The analysis of TST results in selected age groups, performed by Kuś et al., revealed that the test was more often positive in younger participants comparing to older ones: 55% of those in the age group of 25–44 years, 52% of those aged 45–59 years, and 35% of those above 60 years of age . On the contrary, positive QTF GIT results were found more often in the older participants, comparing to younger ones: 14% of those 25–44 years of age, 33% of those aged 45–59 years and 49% of those above 60 years of age . Results of LTBI assessment with QFT GIT, were in agreement with epidemiological data of tuberculosis in Poland. In the same period, tuberculosis incidence rate in general population was 19.7 per 100,000, significantly lower incidence rate was found in young comparing to older age groups: 14.3 per 100,000 among those 22–44 years of age, 35 per 100,000 in those aged 45–64 years, and 38 per 100,000 in those above 65 years of age .
In the presently investigated group of Polish HCW, opposite to the general population of Polish citizens, the percentage of participants with TST ≥10 mm and TST ≥ 15 mm have been increasing with age, moreover the differences between age groups were much more pronounced if TST ≥ 15 mm was regarded as a cut-off. This original observation suggests that the impact of occupational contact with M. tuberculosis in HCW prevails the effect of prior BCG vaccination on TST results.
The percentage of positive QFT GIT results in the groups of medical staff aged 45–59 and 60–70 years, were very similar to those with TST ≥ 15 mm. Large discrepancy was found between TST ≥ 15 mm and QFT GIT in healthcare workers aged 23–44 years. Based on IGRA test, LTBI would be diagnosed in 14%, based on TST ≥ 15 mm – in 25% of them. We assume, that this difference was mainly due to vanishing reaction to past BCG vaccinations in older HCW, comparing to younger ones. This is consistent with the guidelines of ECDC, stating that TST reactivity caused by BCG usually wanes with time . We can also conclude that TST ≥ 15 can be used as LTBI marker comparable with IGRA in individuals over 45 years, vaccinated with BCG in childhood. QTF GIT is preferred for LTBI diagnosis in adults younger than 44 years as the results of TST in this group are confounded by BCG vaccination .

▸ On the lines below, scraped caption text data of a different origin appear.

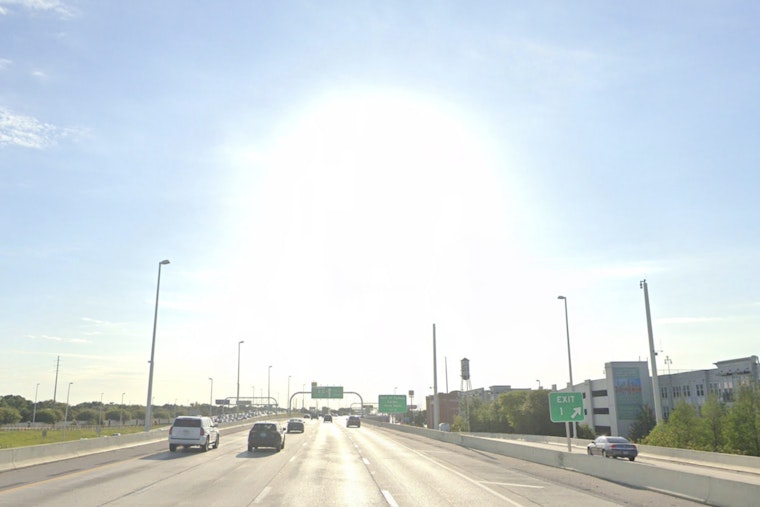 Tampa Turns Into Pressure Cooker as Heat Advisory Slams City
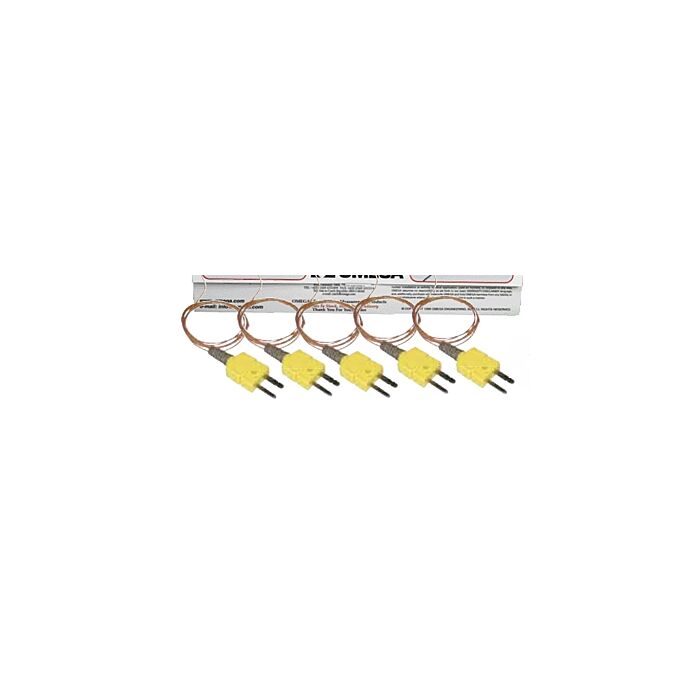 Newport Electronics 5SRTC-TT-K-24-72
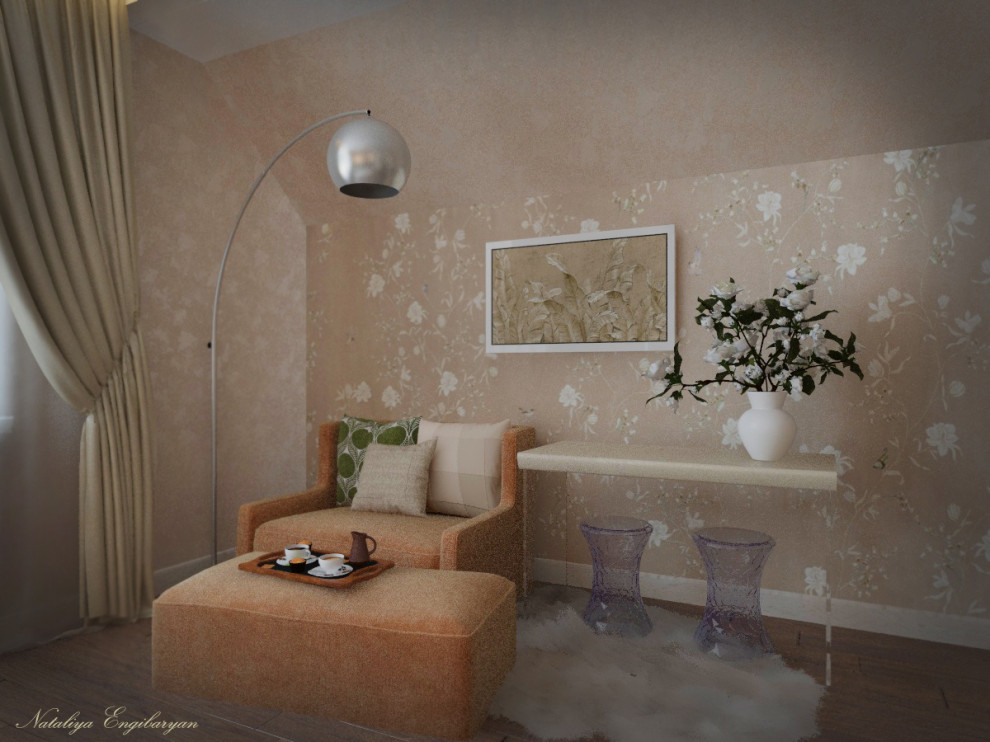 Проект "Песочный"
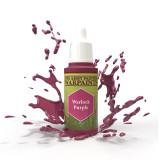 Warpaints: Warlock Purple 18 ml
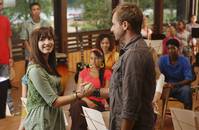 Кадр Camp Rock: Музыкальные каникулы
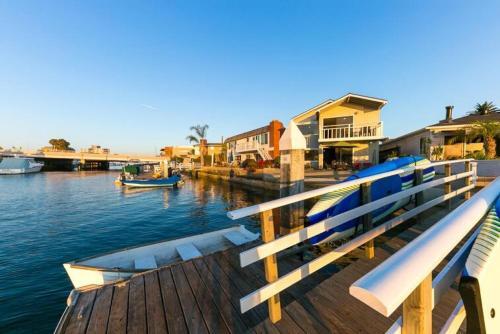 Nb-621 - Newport Bay Front Vacation Home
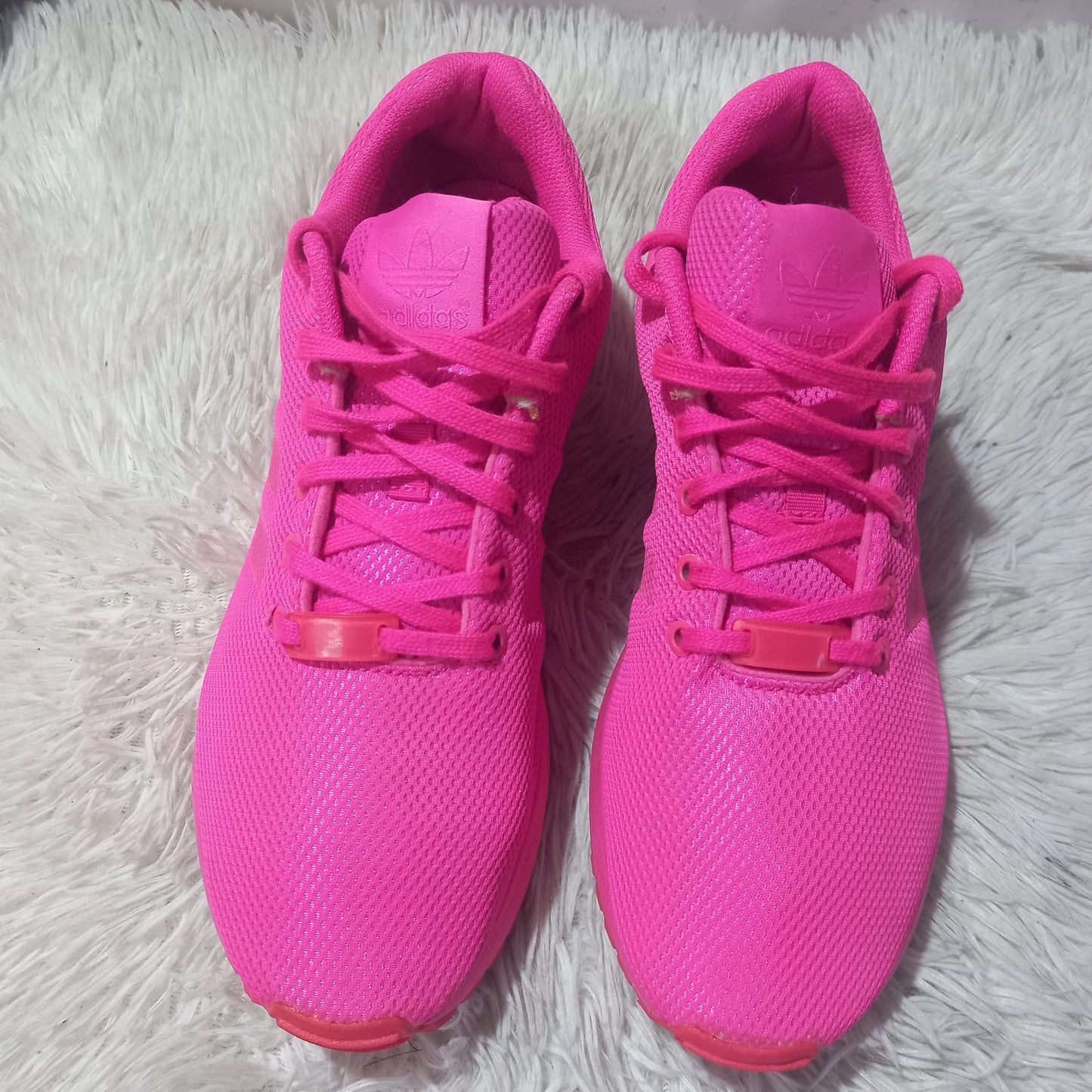 TENIS ADIDAS ORIGINAL T SIZE 10½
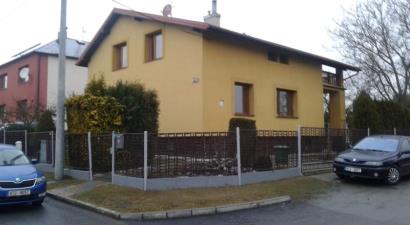 Apartmán na náměstí<br/>Klimkovice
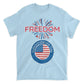 USA 4th of July T-Shirt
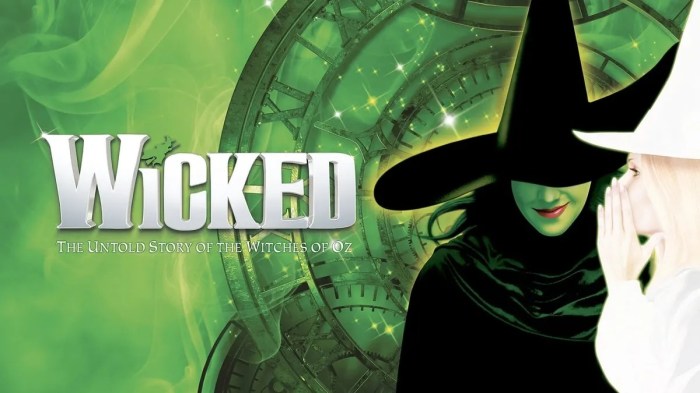 Wicked alison musical movie elphaba defying gravity luff still wallpaper fraser wallpapers interview ten wonderful later years a2apple review ada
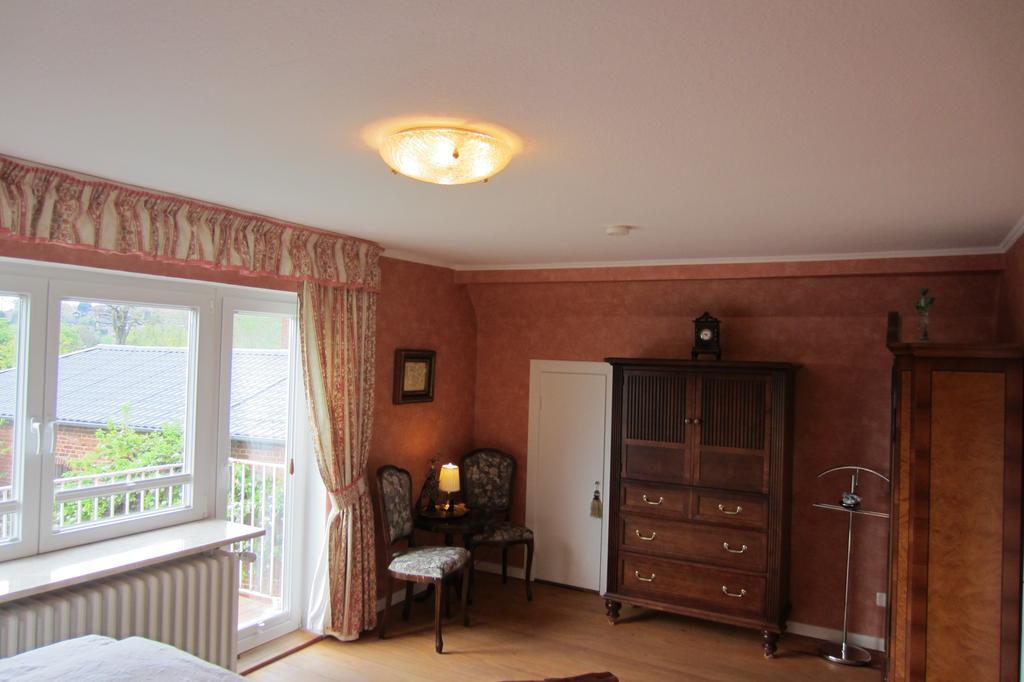 Exklusive Ferienwohnung Strohberg Plön Εξωτερικό φωτογραφία
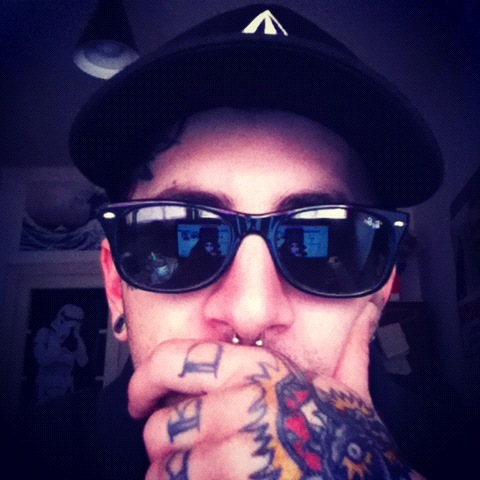 AlexCiliegia Profile Picture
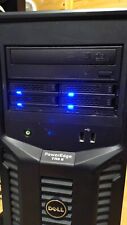 Dell poweredge t110 d'occasion  Angers-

It is worth to notice, that the prevalence of positive IGRA results in medical caregivers was 49% in those aged 45–59 years and even 80% - in those aged 60–70 years, compared to 33 and 49%, respectively - in general Polish population . Therefore we conclude that despite the similar overall prevalence of LTBI assessed by QFT GIT in both populations, the prevalence of LTBI in medical staff aged 45 years or more, was higher than in age-adjusted general population.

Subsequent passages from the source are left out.